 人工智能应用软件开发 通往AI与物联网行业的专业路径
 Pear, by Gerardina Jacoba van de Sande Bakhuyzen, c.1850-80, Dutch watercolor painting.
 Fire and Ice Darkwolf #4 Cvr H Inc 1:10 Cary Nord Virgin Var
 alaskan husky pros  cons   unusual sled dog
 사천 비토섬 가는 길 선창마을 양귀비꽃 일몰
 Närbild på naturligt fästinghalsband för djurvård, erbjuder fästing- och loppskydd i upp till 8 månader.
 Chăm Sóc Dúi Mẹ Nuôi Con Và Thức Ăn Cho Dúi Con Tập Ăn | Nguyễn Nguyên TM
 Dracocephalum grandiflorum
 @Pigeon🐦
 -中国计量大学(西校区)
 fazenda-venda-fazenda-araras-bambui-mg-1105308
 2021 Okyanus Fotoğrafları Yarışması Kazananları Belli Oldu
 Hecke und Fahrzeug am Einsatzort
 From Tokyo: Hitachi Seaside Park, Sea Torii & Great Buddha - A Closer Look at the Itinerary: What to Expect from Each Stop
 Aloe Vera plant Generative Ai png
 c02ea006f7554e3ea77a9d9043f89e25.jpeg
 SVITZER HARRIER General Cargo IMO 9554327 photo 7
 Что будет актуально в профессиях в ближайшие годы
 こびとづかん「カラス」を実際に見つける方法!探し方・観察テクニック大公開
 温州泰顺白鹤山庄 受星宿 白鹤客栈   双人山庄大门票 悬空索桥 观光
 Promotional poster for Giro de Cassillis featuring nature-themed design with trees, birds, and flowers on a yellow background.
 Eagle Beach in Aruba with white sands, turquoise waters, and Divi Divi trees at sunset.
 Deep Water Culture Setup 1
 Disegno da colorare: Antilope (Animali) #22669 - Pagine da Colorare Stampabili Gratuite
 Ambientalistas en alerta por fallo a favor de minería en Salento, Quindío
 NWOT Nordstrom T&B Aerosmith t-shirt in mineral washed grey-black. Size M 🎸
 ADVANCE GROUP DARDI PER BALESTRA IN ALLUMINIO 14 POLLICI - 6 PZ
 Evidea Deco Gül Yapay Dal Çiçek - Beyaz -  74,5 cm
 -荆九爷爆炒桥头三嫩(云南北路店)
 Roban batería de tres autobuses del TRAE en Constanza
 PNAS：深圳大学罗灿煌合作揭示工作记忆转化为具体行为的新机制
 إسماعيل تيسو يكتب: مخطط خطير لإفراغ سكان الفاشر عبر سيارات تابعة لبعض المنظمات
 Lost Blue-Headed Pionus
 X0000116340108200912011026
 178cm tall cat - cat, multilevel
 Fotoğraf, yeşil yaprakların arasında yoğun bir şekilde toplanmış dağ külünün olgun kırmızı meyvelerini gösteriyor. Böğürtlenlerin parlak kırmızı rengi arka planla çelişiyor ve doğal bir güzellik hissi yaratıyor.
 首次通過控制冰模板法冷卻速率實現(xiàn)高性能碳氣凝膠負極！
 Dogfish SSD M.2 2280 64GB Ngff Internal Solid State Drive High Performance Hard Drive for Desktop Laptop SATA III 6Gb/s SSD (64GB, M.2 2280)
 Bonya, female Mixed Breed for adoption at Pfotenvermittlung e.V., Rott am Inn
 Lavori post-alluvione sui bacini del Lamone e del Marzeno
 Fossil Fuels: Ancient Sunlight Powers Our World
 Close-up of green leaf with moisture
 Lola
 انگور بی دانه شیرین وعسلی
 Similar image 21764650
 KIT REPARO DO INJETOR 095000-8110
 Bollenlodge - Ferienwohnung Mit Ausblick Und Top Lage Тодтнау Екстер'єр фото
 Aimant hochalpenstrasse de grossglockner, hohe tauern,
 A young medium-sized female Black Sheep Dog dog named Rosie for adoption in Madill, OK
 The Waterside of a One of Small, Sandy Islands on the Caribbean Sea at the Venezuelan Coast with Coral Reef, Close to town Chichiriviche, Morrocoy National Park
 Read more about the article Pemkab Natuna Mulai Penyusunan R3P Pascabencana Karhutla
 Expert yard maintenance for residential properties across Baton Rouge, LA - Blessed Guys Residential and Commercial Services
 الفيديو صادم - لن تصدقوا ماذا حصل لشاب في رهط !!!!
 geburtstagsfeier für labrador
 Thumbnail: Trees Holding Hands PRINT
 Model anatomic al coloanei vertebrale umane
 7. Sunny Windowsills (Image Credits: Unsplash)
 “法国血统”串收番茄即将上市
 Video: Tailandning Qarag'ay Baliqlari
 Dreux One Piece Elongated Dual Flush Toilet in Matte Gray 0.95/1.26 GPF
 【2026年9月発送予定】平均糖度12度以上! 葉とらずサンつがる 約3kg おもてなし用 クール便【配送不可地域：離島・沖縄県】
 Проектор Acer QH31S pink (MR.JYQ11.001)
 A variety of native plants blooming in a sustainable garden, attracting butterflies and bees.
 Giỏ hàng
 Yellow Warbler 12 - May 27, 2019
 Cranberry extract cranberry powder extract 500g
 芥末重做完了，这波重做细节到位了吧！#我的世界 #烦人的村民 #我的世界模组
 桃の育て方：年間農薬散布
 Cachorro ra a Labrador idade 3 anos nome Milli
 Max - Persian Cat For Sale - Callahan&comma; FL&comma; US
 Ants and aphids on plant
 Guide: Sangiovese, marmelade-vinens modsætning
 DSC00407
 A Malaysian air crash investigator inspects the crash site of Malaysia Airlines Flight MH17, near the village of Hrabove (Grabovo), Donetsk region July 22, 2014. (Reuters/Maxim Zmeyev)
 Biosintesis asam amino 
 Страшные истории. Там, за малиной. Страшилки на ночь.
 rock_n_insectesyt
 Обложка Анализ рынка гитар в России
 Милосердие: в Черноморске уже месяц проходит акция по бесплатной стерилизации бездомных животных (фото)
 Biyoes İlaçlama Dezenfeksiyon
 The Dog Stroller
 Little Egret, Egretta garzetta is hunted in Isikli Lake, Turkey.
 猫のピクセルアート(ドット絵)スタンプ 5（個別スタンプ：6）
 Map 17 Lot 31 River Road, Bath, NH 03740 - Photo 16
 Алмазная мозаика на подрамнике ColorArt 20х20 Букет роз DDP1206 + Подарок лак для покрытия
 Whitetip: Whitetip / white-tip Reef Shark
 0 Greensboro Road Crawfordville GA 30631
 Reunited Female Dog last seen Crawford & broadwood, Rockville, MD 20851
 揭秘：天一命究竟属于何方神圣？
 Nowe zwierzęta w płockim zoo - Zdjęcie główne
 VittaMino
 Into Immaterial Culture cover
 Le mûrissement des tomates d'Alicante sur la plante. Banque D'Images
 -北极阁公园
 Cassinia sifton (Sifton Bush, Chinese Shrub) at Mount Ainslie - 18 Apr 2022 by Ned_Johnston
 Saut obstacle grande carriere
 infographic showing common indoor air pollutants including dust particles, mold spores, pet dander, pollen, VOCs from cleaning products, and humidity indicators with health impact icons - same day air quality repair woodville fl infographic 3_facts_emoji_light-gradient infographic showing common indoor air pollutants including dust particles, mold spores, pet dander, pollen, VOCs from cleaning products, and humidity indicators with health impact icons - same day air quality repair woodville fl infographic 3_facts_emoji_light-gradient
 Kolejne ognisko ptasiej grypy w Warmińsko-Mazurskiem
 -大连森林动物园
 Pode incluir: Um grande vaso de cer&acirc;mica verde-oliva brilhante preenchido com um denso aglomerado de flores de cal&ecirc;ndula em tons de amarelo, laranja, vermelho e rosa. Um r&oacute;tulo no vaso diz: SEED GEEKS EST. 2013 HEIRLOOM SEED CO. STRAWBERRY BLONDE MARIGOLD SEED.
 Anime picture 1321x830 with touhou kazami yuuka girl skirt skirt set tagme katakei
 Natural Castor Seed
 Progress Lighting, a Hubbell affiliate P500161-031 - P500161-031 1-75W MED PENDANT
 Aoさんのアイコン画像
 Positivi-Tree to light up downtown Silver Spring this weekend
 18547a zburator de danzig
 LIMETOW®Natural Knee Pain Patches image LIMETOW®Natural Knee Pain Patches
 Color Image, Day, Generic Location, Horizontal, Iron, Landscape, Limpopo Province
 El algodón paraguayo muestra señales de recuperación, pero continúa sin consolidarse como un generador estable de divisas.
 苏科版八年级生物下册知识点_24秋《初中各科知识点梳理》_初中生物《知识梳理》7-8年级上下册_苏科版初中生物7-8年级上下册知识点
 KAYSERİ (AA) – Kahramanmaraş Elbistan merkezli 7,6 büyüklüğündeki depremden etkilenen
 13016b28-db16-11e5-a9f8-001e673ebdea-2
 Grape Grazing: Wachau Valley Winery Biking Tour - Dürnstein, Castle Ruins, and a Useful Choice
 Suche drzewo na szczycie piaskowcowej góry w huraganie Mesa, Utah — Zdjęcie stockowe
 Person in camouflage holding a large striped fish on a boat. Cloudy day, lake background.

================

Aim of the exercise >> Every line from the top of the material through the line containing "사천 비토섬 가는 길 선창마을 양귀비꽃 일몰" must be transcribed exactly, and no other line may appear.

Task output >>
 人工智能应用软件开发 通往AI与物联网行业的专业路径
 Pear, by Gerardina Jacoba van de Sande Bakhuyzen, c.1850-80, Dutch watercolor painting.
 Fire and Ice Darkwolf #4 Cvr H Inc 1:10 Cary Nord Virgin Var
 alaskan husky pros  cons   unusual sled dog
 사천 비토섬 가는 길 선창마을 양귀비꽃 일몰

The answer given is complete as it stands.